Now that Barkyn has gone past its very early, scrappy stage and raised a €5m Series A funding round in June, the problem that keeps Jordao awake at night is figuring out the most effective way to acquire new customers.

“Finding the right acquisition model and the right angle to acquire customers at scale,” is his key current challenge, he says. “Once you have cracked retention and getting people to stay in your bucket, you need to find ways of unlocking huge streams of new customers.”

That stream of customers needs to come at the right price, says Stone. “If you are spending so much and your customer acquisition ratio drops below an acceptable level, that is telling you you aren’t being efficient with your money,” says Stone. On the other hand, if you are growing but maintaining customer acquisition costs, it’s a sign you can press on the accelerator and go big.

5. The secret ingredient is...community.

Every investor wants a fast-growing business that stands out from the competition and can’t be easily copied. This is not easy, with some areas such as tailored pet food, for example, starting to look crowded with dozens of new startups. A key way to stand out is community. This may sound warm and fuzzy, but it actually makes hard-nosed business sense.

“What is really important is to create this sense of community. You’ve got to have an emotional connection with your customers,” says Stone. “ Community is a super important word here. If you feel part of a community your purchasers want to be seen as a Barkyn consumer, a Different Dog consumer. That makes it easier to share incremental products or services with them because they trust them. That is the ideal that investors want, because that enables you to scale.”

Many of the new crop of pet tech startups do put a lot of effort into community, trust and authenticity.

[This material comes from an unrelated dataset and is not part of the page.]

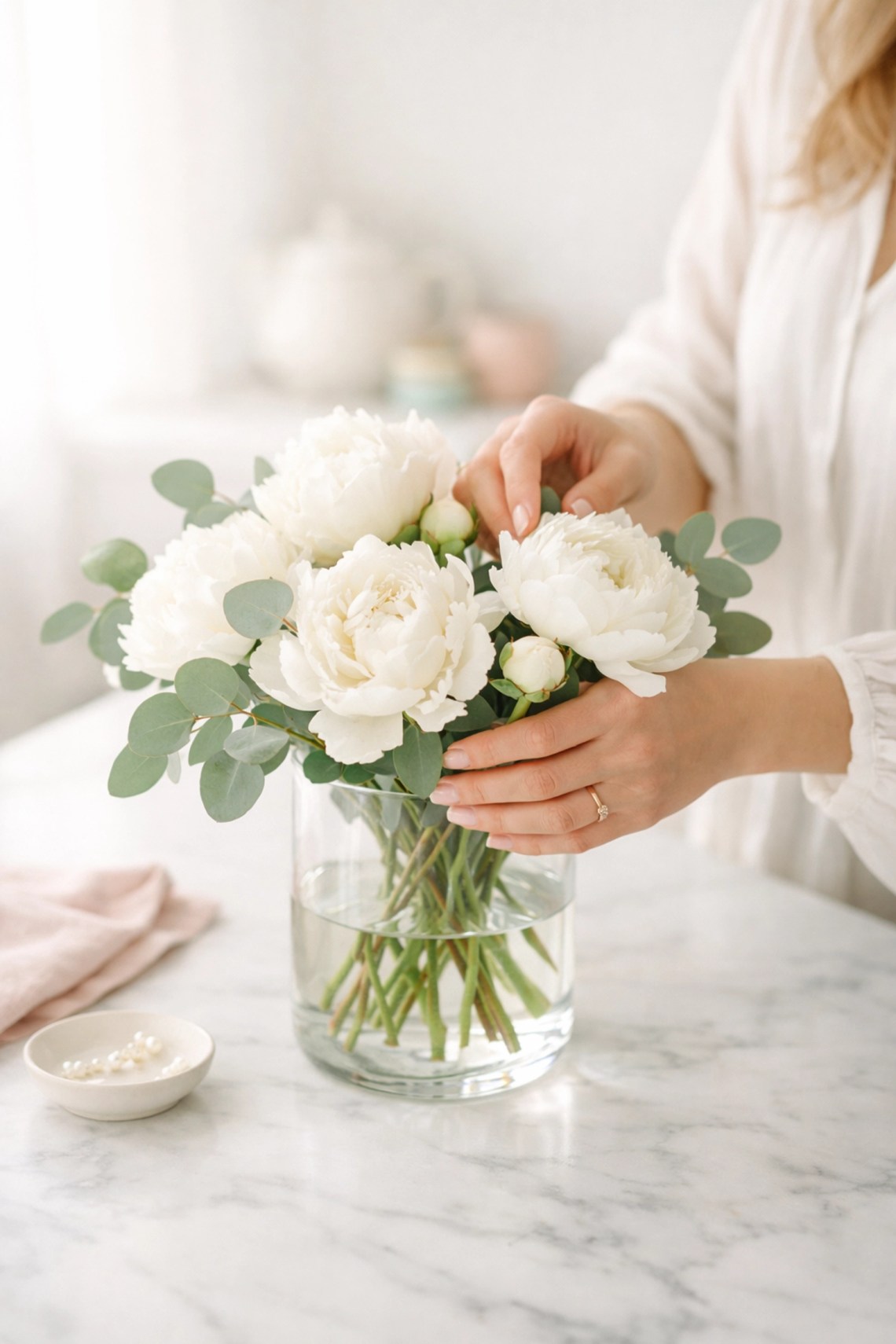 Hands arranging fresh flowers in a vase, representing intentional stewardship and grace-filled living at home.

It can be down to very basic things — everyone who works at Different Dog, for example, owns a dog or at least regularly looks after one.

“Everyone is passionate about their dog, And that exudes that passion to your customers,” says Thurstan. The community is so tight-knit that some of Different Dog’s early customers ended up coming on board to work for the company.

Once customers love what you do, working out how to scale is “a good problem to have”.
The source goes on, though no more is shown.